Next, the speeding up of communication; the enormous growth of commerce and industry; the stupendous strides of science in its application to everyday life: in short, all the complexity of influences which have taken control of group and individual life has opposed the flowering of a culture which must in many ways be primaeval. The first law of security in modern life is synchronization with world-forces, whether in the matter of balancing the budget and ordering the affairs of families or nations.

Most Australians live in cities which have much in common with European cities. Owing to the routine of life and the dissemination of overseas ideas and habits, it is sometimes difficult for Australians to think of themselves as such. Nevertheless, the British stock which settled here, no matter whether in country or town, has undergone profound changes. Acclimatization has been going on in subtle ways for several generations until Australians are now a people with distinctive physical and temperamental characteristics.

Pre-war national self-consciousness led to the expression of superficial, larrikin sentiments, best summed up — in spite of certain redeeming features in the writings of Lawson and Paterson — by the term jingoism, and hardly intelligent rallying cries for a culture. Such a phenomenon was comfortably directed during the war, in alliance with the jingoism of Empire, and, for the most part, expired with face to the foe. That which remains has no longer the centre of the stage.
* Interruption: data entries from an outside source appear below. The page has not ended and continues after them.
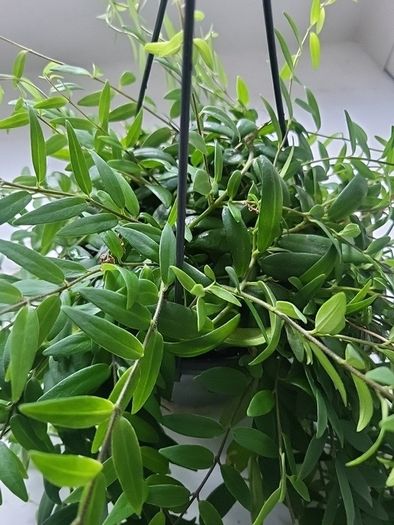 Aeschynanthus Hybrid indoor plant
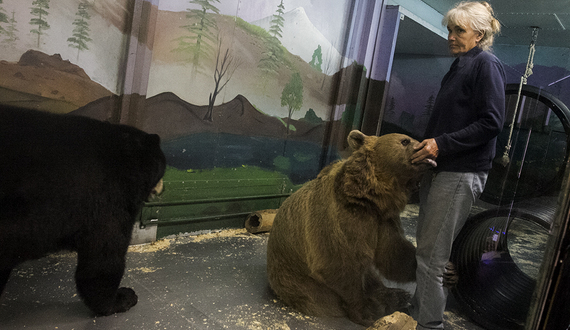 Couple raises bears like children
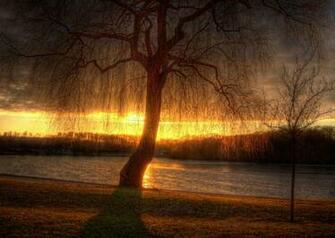 Weeping Willow Wallpaper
Whether convicts or freemen, most of our early settlers were misfits here. Whether they arrived by choice or force of circumstance, they were pioneers, and, as such, were at continual grips with unfamiliar circumstances. They could feel at home only in so far as the new environment harmonized with their heredity and traditions. British stock could find much less in common with Australia than with America, where nature is much more in keeping with European preconceptions as to what it should be. Such was the environment in Australia that spiritual affinity with it could grow only after generations of radical adjustment — of mutations in habits of thought, feeling, behaviour, and custom — and the shedding of habits which were excrescences in this country. For, just as the country, in producing life, must now do so to a large extent in accordance with the design of man, so man, to live at all, must do so to a large extent in accord with the laws of natural environment.

This is no less true of man’s aesthetic than of his practical life; and of basic importance to aesthetic life is the appreciation of natural beauty at first hand.

Men, even if they wished to kill all the native flora and fauna of this country and to substitute those of the Old World, could not do so. In so far as Australians have changed natural conditions, the result, for the greater part, even where most aesthetic, bears the stamp of human volition. This means that if Australians are really to appreciate natural beauty at first hand, they must seek to do so by turning to indigenous nature. If they do not, or if there is little beauty there to appreciate, their aesthetic life must be impoverished.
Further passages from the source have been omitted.